Juli 2008


Ich war heute zum Geburtstag eingeladen, allerdings in Lüneburg. Also wie es Standard bei mir ist ab zur Bahn und mit der Bahn hingefahren … Aber es sollte keine sonntägliche Unternehmung werden wie normalerweise, was man daran merkt dass ich jetzt schon wieder hier sitze und schreiben kann    😉

Es war alles wie immer, nur warum kommen wir schon am ersten Halt mit so viele Verspätung an und stehen dann auch irgendwo auf der Strecke ein Weilchen … ich zumindest habe mir nichts dabei gedacht, man kennt es ja wenn da noch ein Zug auf der Strecke ist. Doch diesmal sollte alles anders kommen. Diesmal war der Grund ein Böschungsbrand und Oberleitungsschaden auf meiner Strecke, so dass die Strecke komplett gesperrt war und nichts mehr ging. Leider waren die Durchsagen im Zug auch nicht so geichbleibend, dass man unbedingt drauf setzen konnte. Zuerst sollte mein Zug zurück nach Hannover fahren, um dann auf einer Umleitungsstrecke nach Hamburg zu kommen, dem Endhaltepunkt des Zuges. Also würde ich zumindest gut nach Hause kommen, wenn ich schon nicht nach Lüneburg komme. Reisende nach Lüneburg sollten in einen anderen Zug umsteigen … kam mir schon komisch vor. Sicherlich richtig, wenn das Problem am Ende der Strecke zwischen Lüneburg und Hamburg ist, aber warum fährt dann der Metronom, der Ausweichzug nach Lüneburg, auch nicht einfach weiter wenn es für ihn so gesehen erstmal gar kein Problem gibt.

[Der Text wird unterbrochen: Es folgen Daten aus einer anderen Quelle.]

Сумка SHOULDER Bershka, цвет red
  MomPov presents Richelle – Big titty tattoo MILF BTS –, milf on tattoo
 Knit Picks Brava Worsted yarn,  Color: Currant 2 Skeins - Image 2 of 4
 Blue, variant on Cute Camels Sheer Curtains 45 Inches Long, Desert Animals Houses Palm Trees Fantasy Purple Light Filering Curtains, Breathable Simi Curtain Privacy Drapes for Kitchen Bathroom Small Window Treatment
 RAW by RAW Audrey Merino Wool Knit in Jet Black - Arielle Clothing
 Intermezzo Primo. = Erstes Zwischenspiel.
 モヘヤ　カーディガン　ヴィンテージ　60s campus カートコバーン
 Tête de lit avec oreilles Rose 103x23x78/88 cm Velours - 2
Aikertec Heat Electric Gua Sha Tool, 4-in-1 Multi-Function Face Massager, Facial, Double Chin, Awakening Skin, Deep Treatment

Ich fragte nochmal nach dem Grund und wo das Problem sei, aber mir konnte nichts weiter gesagt werden, ausser dass das Problem in dem von mir schon angedachten Abschnitt hinter Lüneburg liegen müsse.
Also stieg ich um, denn ich wollte nach Lüneburg was nach diesen Auskünften wohl auch gehen sollte. Plätze hatte ich genug gefunden, was schon komisch genug ist. Der Metronom musste dort schon ein bisschen länger stehen und die meisten Fahrgäste waren schon ausgestiegen … aber dort stigen sonst nie so viele Leute aus, was sollten die auch dort alle wollen. Ungefähr 10 min. später wurde auch im Metronom durchgesagt, dass dieser zurück nach Hannover fährt. Ich also wieder zurück in den IC, mit dem ich ursprünglich gekommen war, denn Fernzüge bekommen immer vorang und sind dann eh ein wenig schneller. Mich wunderte auch schon ein wenig dass der IC mittlerweile wie leergefegt war und auf Nachfrage erfuhr ich, dass der IC nun nicht zurück nach Hannover fahren würde, sondern nur ein Stück zurück, dann auf die Ausweichstrecke und ohne Halt nach Hamburg durch … also auch nicht richtig für mich.
Soviel zu Zugdurchsagen und wie sehr sie einem weiterhelfen können. Es wäre sicherlich sinnvoll einmal mehr gar nichts zu sagen, bevor man ständig eine andere Durchsage macht!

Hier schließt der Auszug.